The PCB 106 may be coupled to the bottom surface of the contact carrier bracket 102, and be sized and configured to fit within the space envelope formed between the sidewalls of the contact carrier bracket 102. In this manner, the PCB 106 can be protected by the contact carrier bracket 102 from, for example, environmental and physical damage, thus ensuring a more robust design. Additionally, the PCB 106 can be installed and wired to the contact carrier bracket 102 before final bracket 102 installation (e.g., facilitates creation of a sub-assembly), as described above. In addition, the PCB 106 may include one or more keys between, for example, the PCB 106 and the contact carrier bracket 102 to ensure installation in only one position, as described above.
These and other aspects are also described with reference to FIG. 2 , illustrating an exploded, perspective view of another example mechanical interlock electrical switch device. Although FIGS. 1 and 2 both depict mechanical interlock devices, aspects described herein may be used with any suitable electrical device in any form, for example mechanical interlocks, disconnect switches, a pin and sleeve devices including a plug device and a receptacle or connector, an inlet devices, rotatably actuatable switches, or the like.
Referring to FIG. 2 , mechanical interlock 200 can be used to supply power to connected devices via, for example, a pin and sleeve device such as, for example, a plug that can be connected to the mechanical interlock 200 for selectively supplying power to a downstream electrical device. Interlock 200 includes an enclosure (formed of a front housing portion or cover 214 and a rear housing portion or base 212), a connector 220 for coupling to, for example, a plug (not shown), an internal load switch 230, an external handle assembly 240, and a handle shaft 252 for rotationally coupling the external handle assembly 240 to the internal load switch 230. In the illustrated embodiment, the handle shaft 252 cooperates with a switch shaft 254 to form of a two-piece shaft so that the external handle assembly 240 may be operatively coupled to a handle shaft 252 and the load switch 230 may be coupled to a switch shaft 254.
The mechanical interlock 200 may receive power through one or more power input conductors/lines (not shown) and may supply power to, for example, a plug coupled to the connector 220. The external handle assembly 240 is typically mounted on a front of the cover 214 and may be connected to the load switch 230 through, for example, the handle and switch shafts 252, 254 to operate the actuating mechanism of the load switch 230. In use, the external handle assembly 240 may be rotationally locked to the load switch 230. Here, a shaft coupling the two is in the form of a two-piece shaft so that the external handle assembly 240 may be operatively coupled to a handle shaft 252 and the load switch 230 may be coupled to switch shaft 254. The handle shaft 252 may be rotationally coupled to the switch shaft 254 so that rotation of the external handle assembly 240 rotates the handle shaft 252 which rotates the switch shaft 254 which rotates/actuates the load switch 230 to selectively supply and disconnect power from the connector 220 and hence the plug and the downstream electrical device.

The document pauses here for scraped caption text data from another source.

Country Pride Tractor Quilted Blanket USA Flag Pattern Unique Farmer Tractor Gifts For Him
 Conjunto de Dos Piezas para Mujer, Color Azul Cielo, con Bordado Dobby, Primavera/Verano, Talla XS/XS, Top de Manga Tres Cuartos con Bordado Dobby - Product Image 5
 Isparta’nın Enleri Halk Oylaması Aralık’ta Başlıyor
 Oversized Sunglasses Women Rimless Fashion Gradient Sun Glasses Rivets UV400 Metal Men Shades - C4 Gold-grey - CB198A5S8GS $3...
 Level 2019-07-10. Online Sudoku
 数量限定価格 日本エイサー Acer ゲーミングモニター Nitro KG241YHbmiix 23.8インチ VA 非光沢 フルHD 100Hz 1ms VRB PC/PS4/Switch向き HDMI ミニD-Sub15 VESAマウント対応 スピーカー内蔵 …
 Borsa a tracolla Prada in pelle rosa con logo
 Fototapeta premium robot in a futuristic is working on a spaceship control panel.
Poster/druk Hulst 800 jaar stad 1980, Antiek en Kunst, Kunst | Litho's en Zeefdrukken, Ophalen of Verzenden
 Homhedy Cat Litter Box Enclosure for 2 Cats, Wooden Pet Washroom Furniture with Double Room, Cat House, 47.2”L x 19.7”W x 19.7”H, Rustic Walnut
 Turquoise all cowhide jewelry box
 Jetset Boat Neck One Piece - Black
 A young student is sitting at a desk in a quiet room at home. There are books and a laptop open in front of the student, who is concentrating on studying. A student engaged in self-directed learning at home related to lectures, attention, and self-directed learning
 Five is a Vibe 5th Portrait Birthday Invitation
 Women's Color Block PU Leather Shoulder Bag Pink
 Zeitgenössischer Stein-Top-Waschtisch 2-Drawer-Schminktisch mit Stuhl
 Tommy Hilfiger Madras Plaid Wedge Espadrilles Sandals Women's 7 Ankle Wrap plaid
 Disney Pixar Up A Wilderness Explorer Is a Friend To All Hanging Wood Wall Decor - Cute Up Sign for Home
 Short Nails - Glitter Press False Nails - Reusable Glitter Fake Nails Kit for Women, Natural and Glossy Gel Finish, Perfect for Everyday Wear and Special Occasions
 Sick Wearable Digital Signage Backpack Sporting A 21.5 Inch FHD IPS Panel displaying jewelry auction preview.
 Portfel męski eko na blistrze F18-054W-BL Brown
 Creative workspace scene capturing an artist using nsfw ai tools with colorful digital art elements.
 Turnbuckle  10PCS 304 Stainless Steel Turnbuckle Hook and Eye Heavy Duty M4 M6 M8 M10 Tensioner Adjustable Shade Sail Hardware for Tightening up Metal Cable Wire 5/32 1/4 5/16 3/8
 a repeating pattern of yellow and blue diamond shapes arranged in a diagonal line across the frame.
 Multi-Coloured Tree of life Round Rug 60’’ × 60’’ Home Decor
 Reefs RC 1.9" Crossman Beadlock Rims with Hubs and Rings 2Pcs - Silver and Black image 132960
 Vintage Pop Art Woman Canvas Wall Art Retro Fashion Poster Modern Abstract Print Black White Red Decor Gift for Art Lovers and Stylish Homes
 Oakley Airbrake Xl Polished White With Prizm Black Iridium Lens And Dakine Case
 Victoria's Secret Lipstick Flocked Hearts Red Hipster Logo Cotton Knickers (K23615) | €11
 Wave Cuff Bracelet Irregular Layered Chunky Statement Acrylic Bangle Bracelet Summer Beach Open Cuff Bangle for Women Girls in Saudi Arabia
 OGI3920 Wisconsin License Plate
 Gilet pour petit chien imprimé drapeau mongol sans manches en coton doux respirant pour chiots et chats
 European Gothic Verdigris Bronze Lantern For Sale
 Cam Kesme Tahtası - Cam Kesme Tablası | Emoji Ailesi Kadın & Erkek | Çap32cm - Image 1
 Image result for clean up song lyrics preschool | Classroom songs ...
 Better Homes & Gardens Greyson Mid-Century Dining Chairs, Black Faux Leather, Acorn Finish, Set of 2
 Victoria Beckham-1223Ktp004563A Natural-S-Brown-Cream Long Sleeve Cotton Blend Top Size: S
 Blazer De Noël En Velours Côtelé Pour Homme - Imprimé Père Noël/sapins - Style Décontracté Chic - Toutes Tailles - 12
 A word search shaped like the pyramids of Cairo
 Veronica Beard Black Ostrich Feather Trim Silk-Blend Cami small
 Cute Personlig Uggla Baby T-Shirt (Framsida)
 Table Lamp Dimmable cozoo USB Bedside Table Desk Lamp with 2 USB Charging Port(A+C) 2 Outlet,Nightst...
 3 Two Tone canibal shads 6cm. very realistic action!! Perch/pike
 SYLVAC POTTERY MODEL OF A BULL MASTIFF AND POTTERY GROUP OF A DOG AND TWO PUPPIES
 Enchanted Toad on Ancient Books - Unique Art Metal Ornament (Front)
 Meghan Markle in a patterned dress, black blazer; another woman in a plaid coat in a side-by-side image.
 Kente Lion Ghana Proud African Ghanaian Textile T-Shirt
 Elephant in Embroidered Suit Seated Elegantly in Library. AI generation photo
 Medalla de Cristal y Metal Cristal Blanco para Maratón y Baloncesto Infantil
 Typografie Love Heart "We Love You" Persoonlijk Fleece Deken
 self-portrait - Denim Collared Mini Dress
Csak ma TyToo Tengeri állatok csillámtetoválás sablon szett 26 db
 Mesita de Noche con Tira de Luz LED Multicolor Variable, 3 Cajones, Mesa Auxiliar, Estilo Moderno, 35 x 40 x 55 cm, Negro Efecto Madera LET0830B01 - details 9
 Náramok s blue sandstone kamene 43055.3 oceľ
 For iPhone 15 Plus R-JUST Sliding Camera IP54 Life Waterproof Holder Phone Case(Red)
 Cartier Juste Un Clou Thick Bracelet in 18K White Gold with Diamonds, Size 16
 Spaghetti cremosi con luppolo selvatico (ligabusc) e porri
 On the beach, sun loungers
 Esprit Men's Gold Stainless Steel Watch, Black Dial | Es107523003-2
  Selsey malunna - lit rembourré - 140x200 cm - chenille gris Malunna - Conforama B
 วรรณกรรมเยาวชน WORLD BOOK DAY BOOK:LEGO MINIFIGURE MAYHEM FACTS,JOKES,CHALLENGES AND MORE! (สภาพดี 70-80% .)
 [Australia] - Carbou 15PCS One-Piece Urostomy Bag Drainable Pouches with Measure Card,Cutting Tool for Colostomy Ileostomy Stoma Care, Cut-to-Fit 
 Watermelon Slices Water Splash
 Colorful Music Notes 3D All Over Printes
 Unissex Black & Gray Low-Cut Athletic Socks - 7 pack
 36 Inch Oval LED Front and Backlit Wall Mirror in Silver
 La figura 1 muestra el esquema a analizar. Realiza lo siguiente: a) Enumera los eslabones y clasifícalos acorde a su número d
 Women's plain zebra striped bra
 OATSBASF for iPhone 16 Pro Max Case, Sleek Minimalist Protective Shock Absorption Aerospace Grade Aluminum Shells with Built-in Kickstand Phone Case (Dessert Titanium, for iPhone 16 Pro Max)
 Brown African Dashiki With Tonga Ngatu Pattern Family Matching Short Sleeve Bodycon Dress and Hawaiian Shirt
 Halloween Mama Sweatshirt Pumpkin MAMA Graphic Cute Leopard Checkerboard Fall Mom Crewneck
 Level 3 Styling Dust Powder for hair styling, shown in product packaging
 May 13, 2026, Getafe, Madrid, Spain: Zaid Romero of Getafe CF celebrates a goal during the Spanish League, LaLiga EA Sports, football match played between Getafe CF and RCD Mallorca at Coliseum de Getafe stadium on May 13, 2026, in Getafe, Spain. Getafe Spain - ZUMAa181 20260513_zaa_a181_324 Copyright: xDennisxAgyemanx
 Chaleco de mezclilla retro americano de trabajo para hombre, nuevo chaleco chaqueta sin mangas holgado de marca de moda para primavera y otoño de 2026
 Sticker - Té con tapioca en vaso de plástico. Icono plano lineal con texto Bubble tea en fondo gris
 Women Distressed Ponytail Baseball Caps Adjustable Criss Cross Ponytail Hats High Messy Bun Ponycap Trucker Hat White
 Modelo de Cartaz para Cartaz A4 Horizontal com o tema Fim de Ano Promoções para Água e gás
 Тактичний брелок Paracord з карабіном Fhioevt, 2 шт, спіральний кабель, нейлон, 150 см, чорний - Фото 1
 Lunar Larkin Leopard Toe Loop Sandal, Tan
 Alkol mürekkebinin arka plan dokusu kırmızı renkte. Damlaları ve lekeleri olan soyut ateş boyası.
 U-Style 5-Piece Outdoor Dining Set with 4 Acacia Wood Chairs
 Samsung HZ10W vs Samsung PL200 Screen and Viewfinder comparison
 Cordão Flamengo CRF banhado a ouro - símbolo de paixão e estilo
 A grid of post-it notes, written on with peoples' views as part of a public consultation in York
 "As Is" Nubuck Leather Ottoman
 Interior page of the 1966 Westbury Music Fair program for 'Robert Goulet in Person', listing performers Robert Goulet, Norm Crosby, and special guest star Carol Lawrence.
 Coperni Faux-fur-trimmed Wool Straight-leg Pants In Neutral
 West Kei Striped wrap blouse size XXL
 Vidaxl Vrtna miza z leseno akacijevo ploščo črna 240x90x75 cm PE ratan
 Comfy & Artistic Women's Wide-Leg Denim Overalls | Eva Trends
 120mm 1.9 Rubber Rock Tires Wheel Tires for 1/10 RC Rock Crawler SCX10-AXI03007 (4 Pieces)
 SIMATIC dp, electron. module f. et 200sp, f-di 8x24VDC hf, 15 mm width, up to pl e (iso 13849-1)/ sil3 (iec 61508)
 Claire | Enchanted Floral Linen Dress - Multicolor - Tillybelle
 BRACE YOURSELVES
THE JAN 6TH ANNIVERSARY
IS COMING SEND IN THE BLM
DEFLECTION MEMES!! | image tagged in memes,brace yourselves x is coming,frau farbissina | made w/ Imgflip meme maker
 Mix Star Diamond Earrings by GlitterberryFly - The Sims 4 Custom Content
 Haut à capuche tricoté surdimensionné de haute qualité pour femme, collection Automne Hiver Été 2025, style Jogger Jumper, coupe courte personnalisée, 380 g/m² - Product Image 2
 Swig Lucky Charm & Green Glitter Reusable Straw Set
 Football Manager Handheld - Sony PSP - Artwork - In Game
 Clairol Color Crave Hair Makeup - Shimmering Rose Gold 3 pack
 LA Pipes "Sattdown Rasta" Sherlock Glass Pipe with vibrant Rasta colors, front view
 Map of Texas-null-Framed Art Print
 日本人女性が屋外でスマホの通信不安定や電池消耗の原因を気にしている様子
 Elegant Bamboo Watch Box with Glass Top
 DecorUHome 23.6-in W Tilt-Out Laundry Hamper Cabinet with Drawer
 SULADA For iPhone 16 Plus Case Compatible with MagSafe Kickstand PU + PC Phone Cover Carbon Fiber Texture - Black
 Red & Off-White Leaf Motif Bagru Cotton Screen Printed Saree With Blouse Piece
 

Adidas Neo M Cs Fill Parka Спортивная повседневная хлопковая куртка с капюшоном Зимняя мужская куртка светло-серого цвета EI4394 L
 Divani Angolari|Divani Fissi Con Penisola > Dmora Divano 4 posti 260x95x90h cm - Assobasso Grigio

As illustrated, the enclosure may be made up of a rear housing portion or base 212 and a front housing portion or cover 214, although it is envisioned that the enclosure may be manufactured from more or less portions. In addition, the enclosure may be manufactured from any suitable material including, for example, plastic, metal, or the like.
In use, the downstream electrical device may be energized or de-energized depending on the position of the handle assembly 240. Accordingly, the mechanical interlock 200 is “ON” (e.g., supplying power to the connected, downstream electrical device) when the plug is coupled to the connector 220 and the handle assembly 240 is in an “ON” position. When the handle assembly 240 is moved to an “OFF” position, the actuating mechanism of the load switch 230 will have been moved to open the contacts, so that power to the associated electrical device is disconnected. In general, the handle assembly 240 is rotated ninety-degrees to transition the mechanical interlock 200 between the ON and OFF positions.
The mechanical interlock 200 may also include an interlock latch assembly (not pictured) selectively movable between a first position and a second position, and, as described above, arranged and configured to be operatively associated with the connector 220 and the external handle assembly 240 so that when the interlock latch assembly is in the first position, the interlock latch assembly prevents rotation of the external handle assembly 240, and when the interlock latch assembly is in the second position, the interlock latch assembly permits rotation of the external handle assembly 240. The interlock latch assembly may be movable between the first position and the second position via insertion of the plug into the connector 220 such that insertion of the plug into the connector 220 contacts and moves the interlock latch assembly from the first position to the second position.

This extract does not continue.